**WHAT IS REQUIRED:**
Copy out and return the lines from the one holding "5 Ways to Integrate" to the end of the listing below, both included, omitting the pictures.

**TASK DATA:**
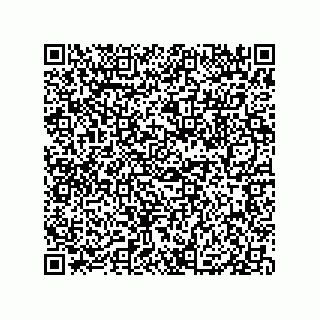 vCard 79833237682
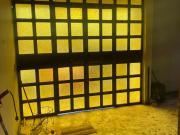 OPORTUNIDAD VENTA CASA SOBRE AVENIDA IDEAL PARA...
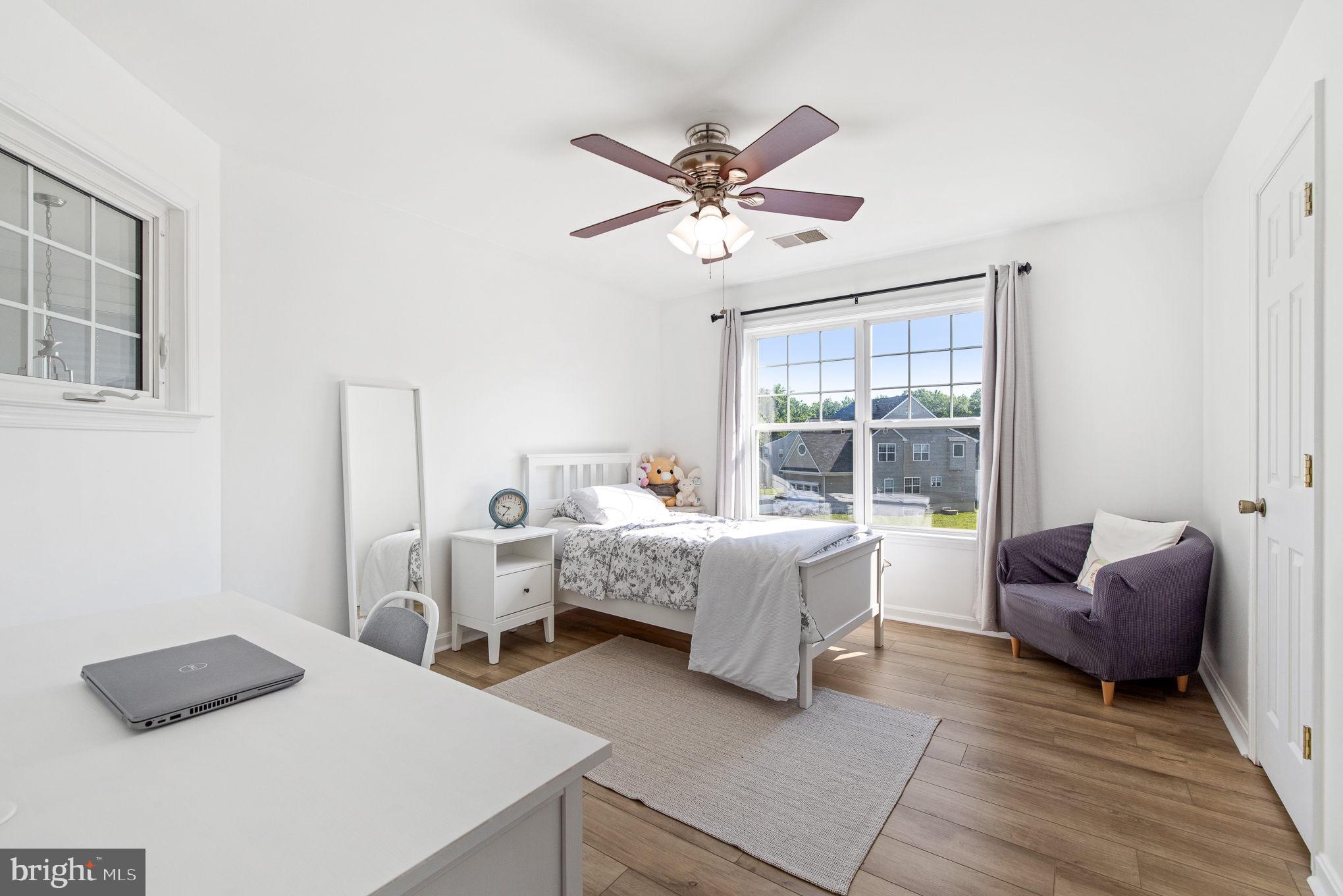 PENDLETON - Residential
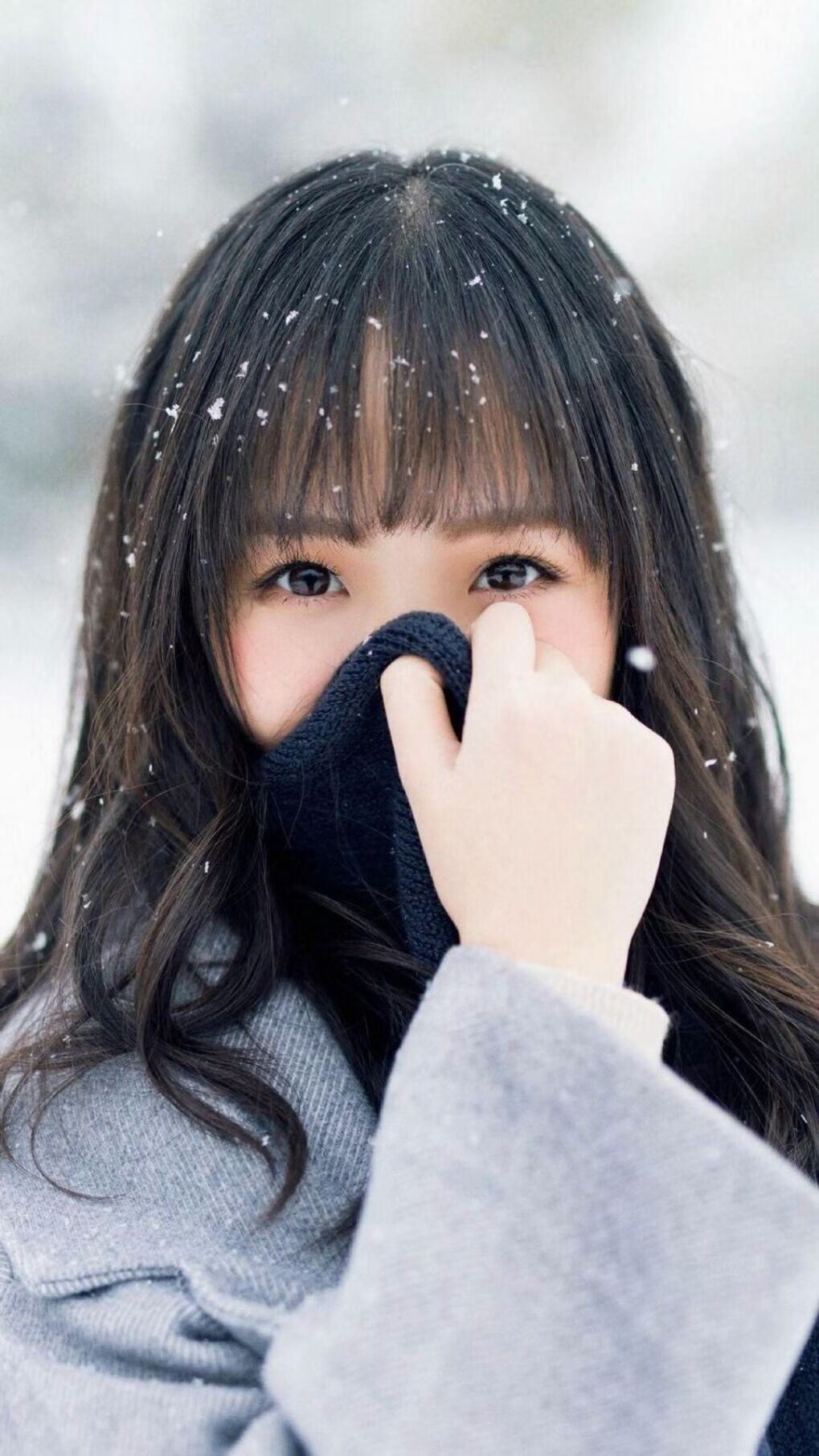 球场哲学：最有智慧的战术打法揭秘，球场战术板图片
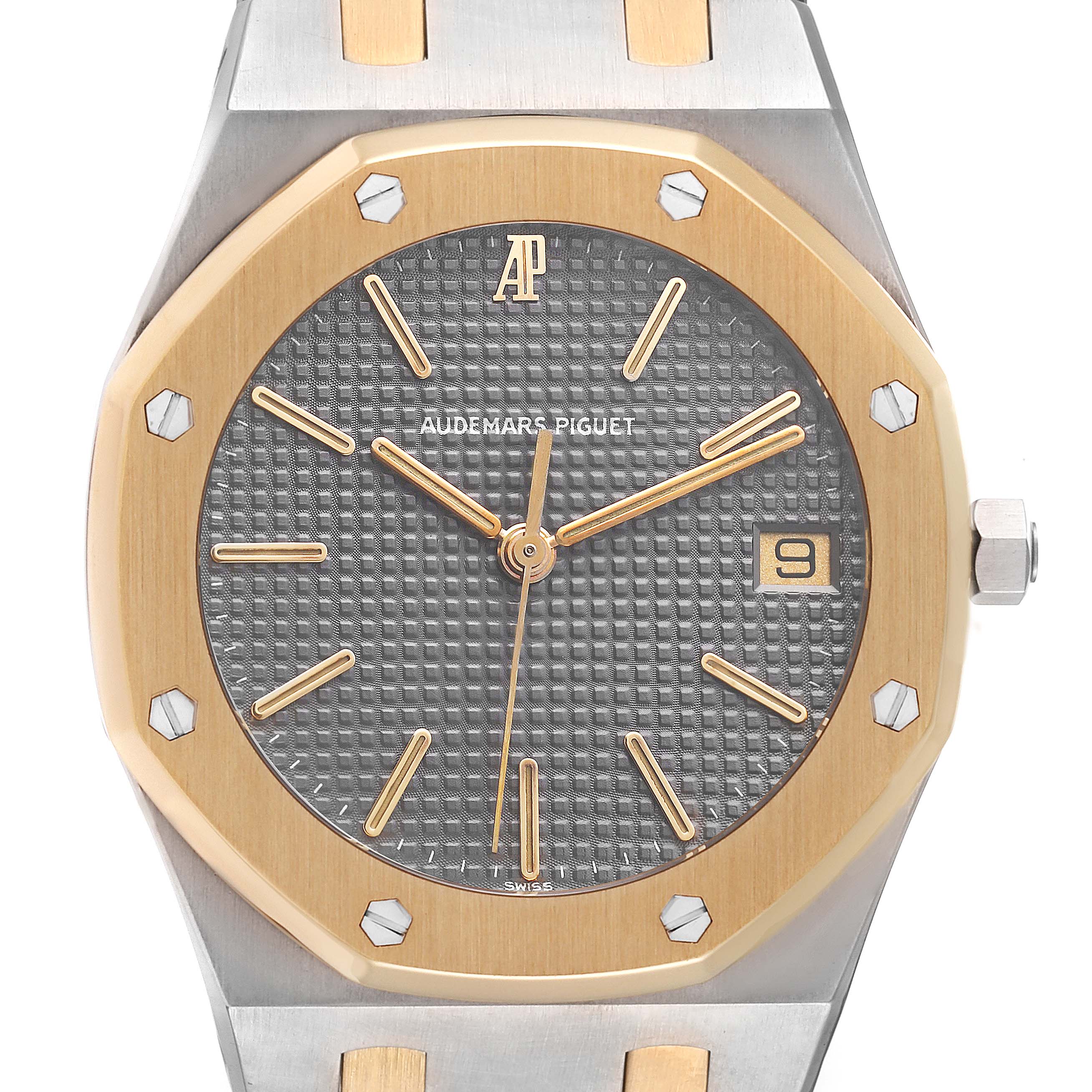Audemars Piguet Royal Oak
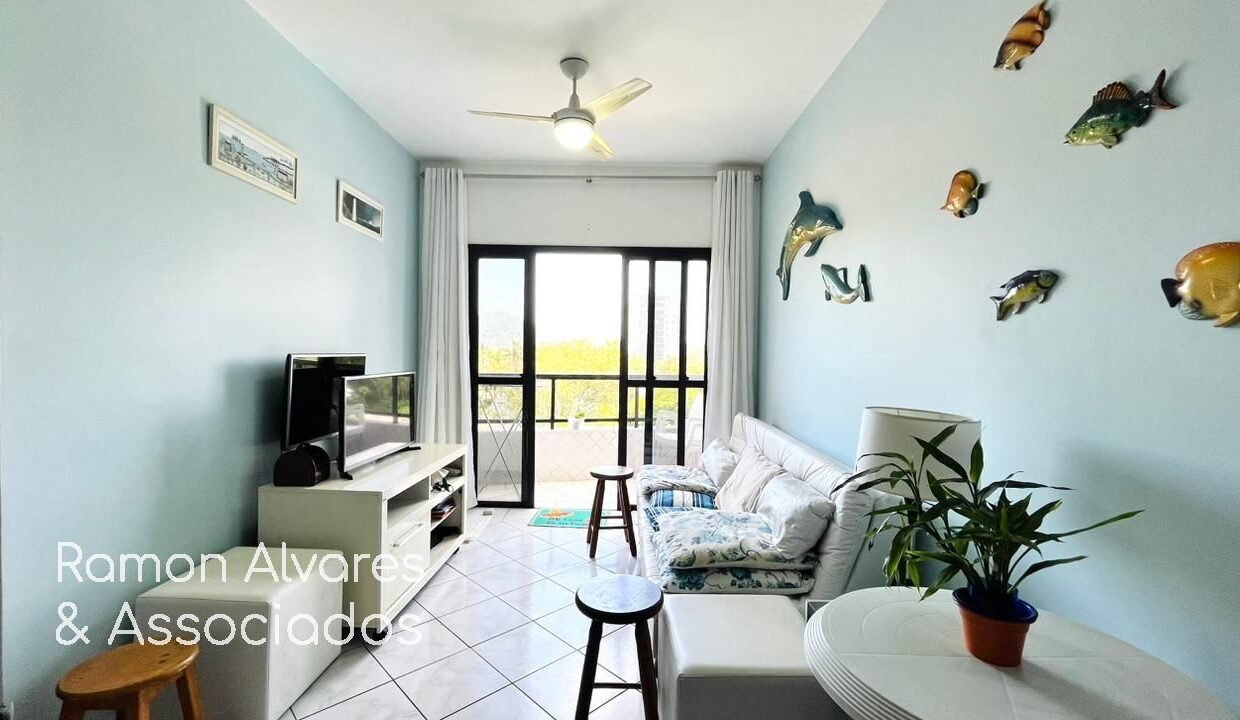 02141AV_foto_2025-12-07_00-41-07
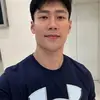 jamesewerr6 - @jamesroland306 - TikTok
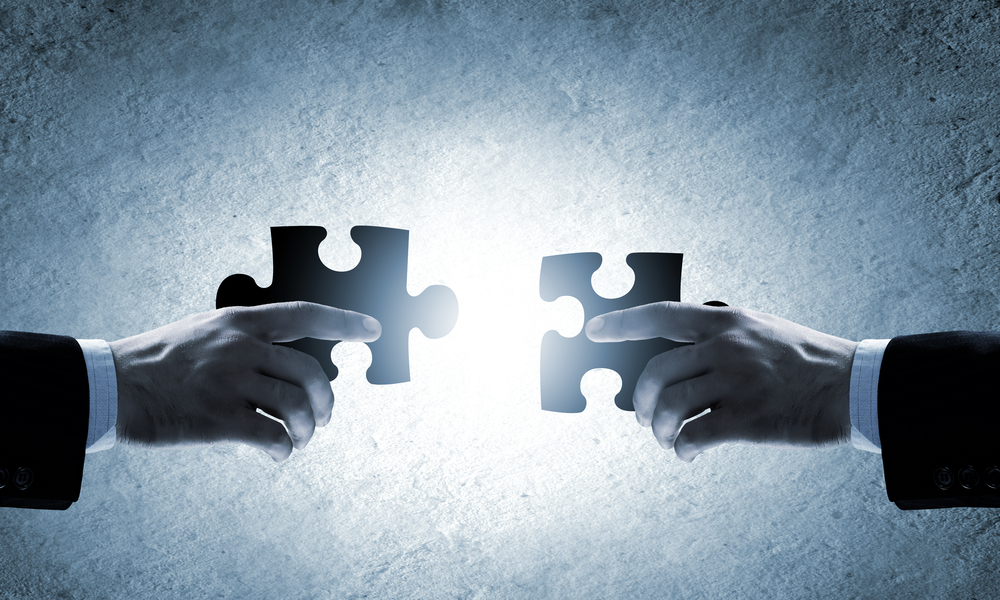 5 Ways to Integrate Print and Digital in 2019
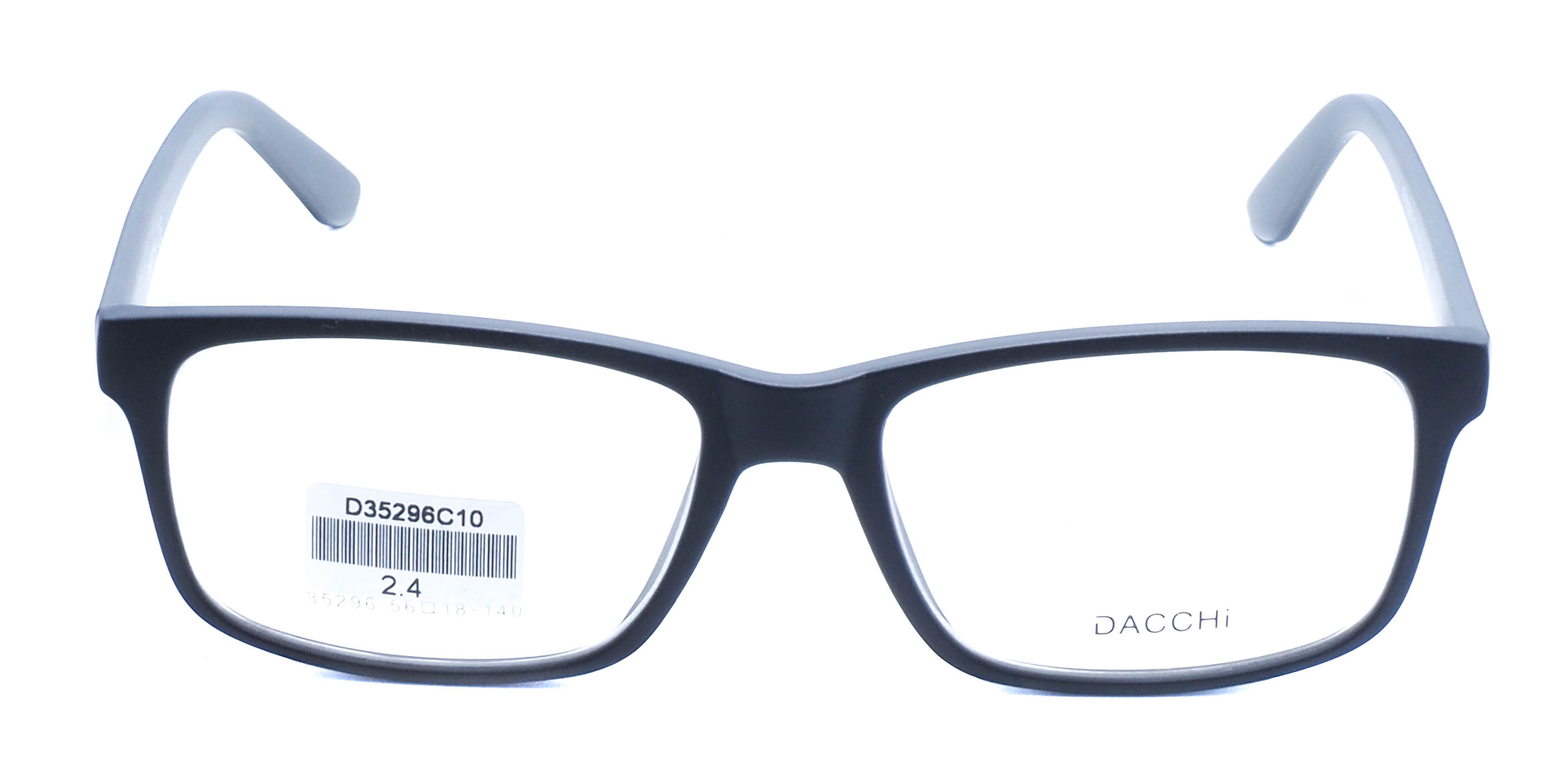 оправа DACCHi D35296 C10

**OUTPUT FOR THIS EXERCISE:**
 5 Ways to Integrate Print and Digital in 2019
 оправа DACCHi D35296 C10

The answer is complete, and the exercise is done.